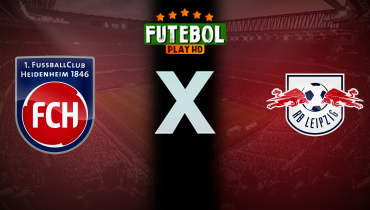 Assistir Heidenheim x RB Leipzig ao vivo online 06/10/2024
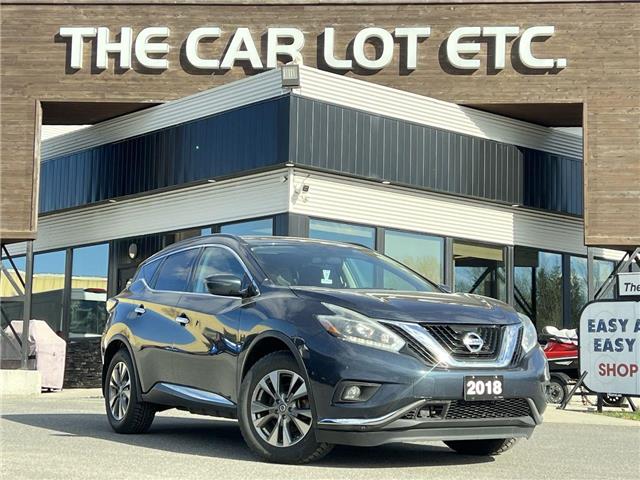 2018 Nissan Murano SV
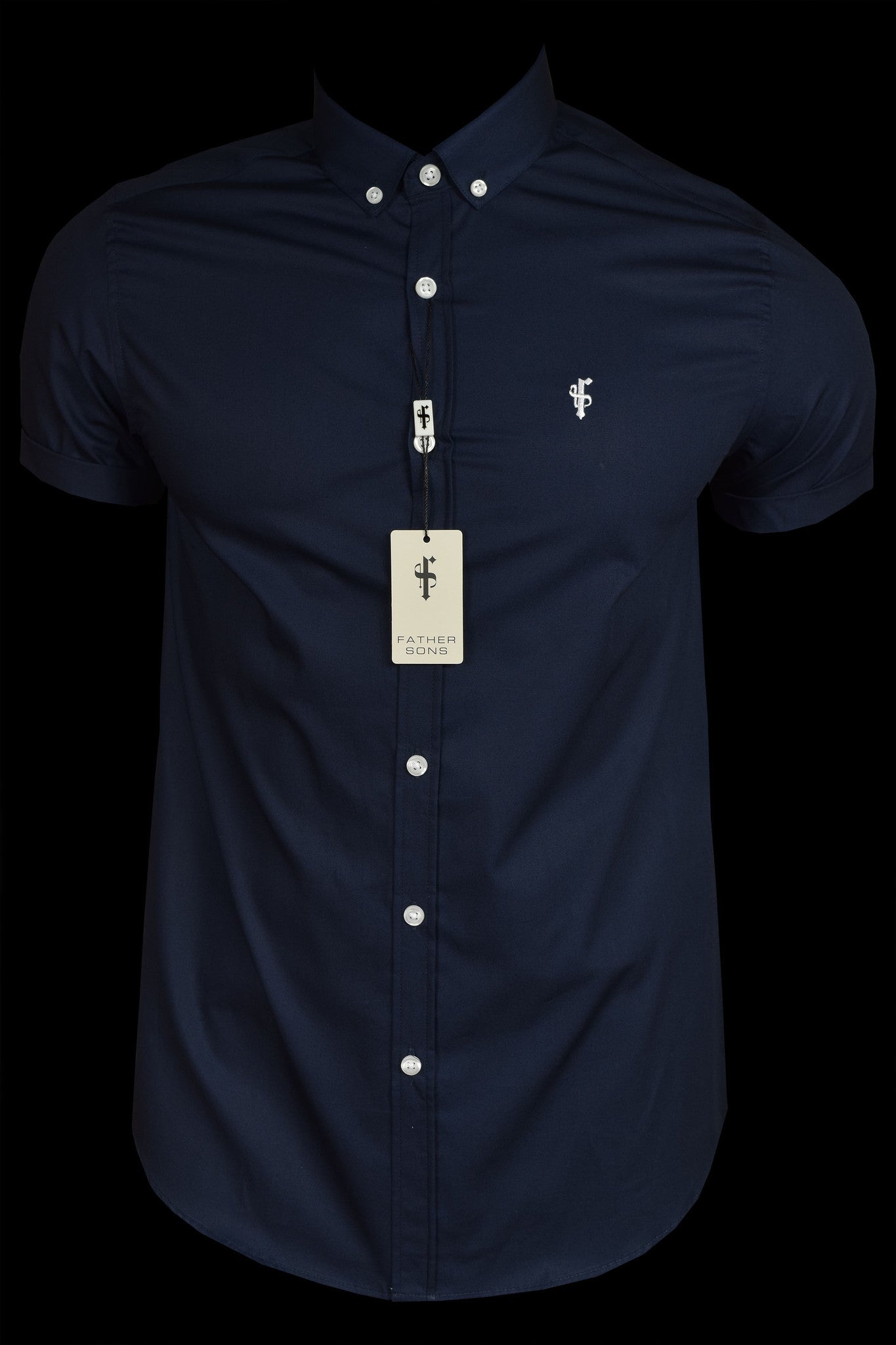 Classic Navy Short Sleeve - FS034  (LAST CHANCE)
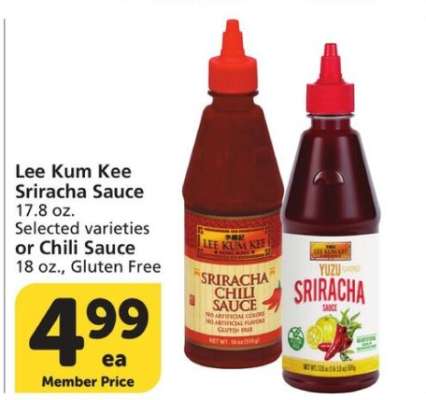 Lee Kum Kee Sriracha Sauce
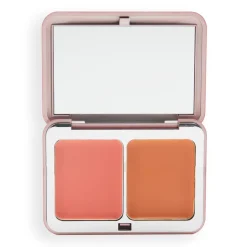 XX Revolution Glow Sculptor Cream Blush and Bronzer Forgive and Forget Pink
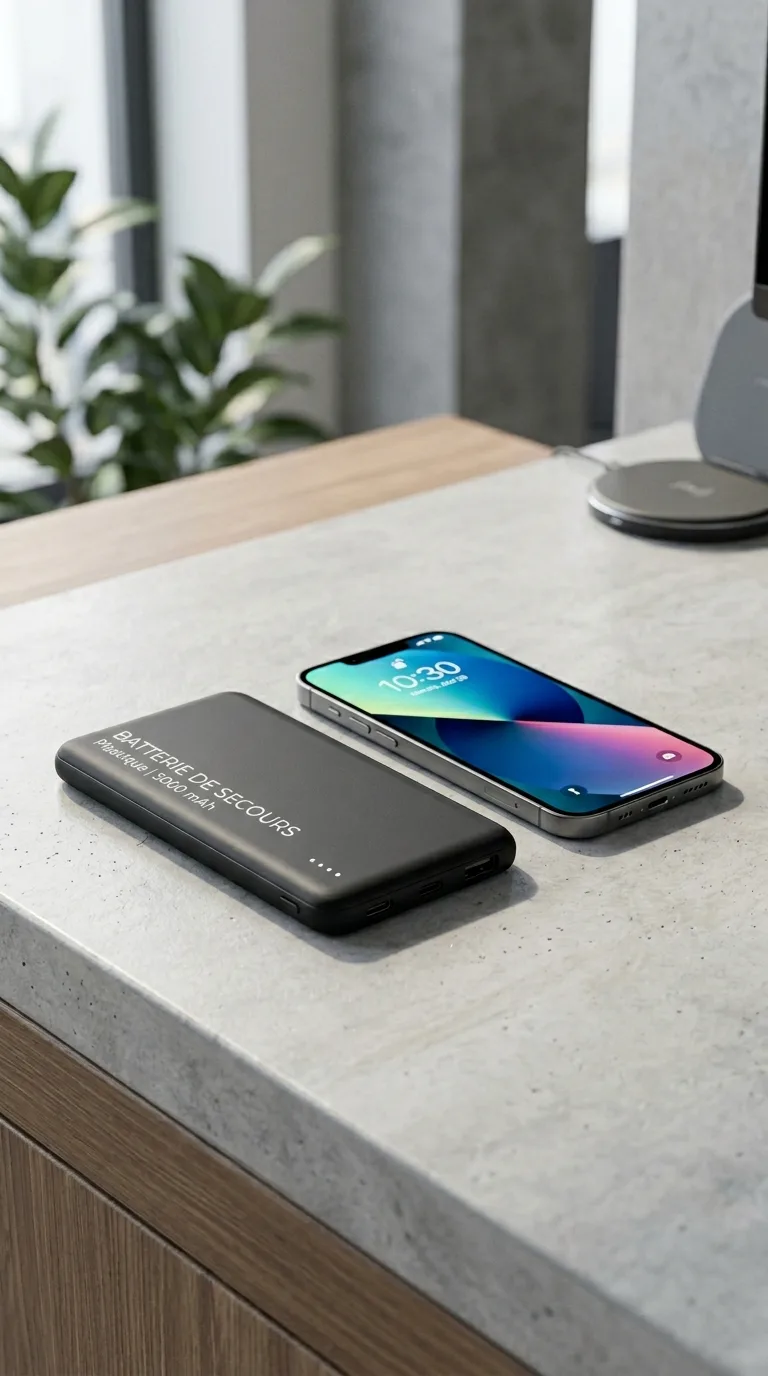 Batterie De Secours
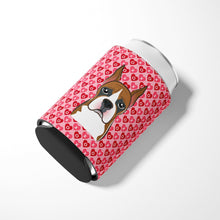 Load image into Gallery viewer, Boxer Hearts Can or Bottle Hugger BB5293CC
◆ ◆ ◆
■ **Required work**:
Nothing but the lines from the one with "XX Revolution Glow" through the end of the entries above, both included, should be set down, exactly and without pictures.

■ **Output of the task**:
 XX Revolution Glow Sculptor Cream Blush and Bronzer Forgive and Forget Pink
 Batterie De Secours
 Load image into Gallery viewer, Boxer Hearts Can or Bottle Hugger BB5293CC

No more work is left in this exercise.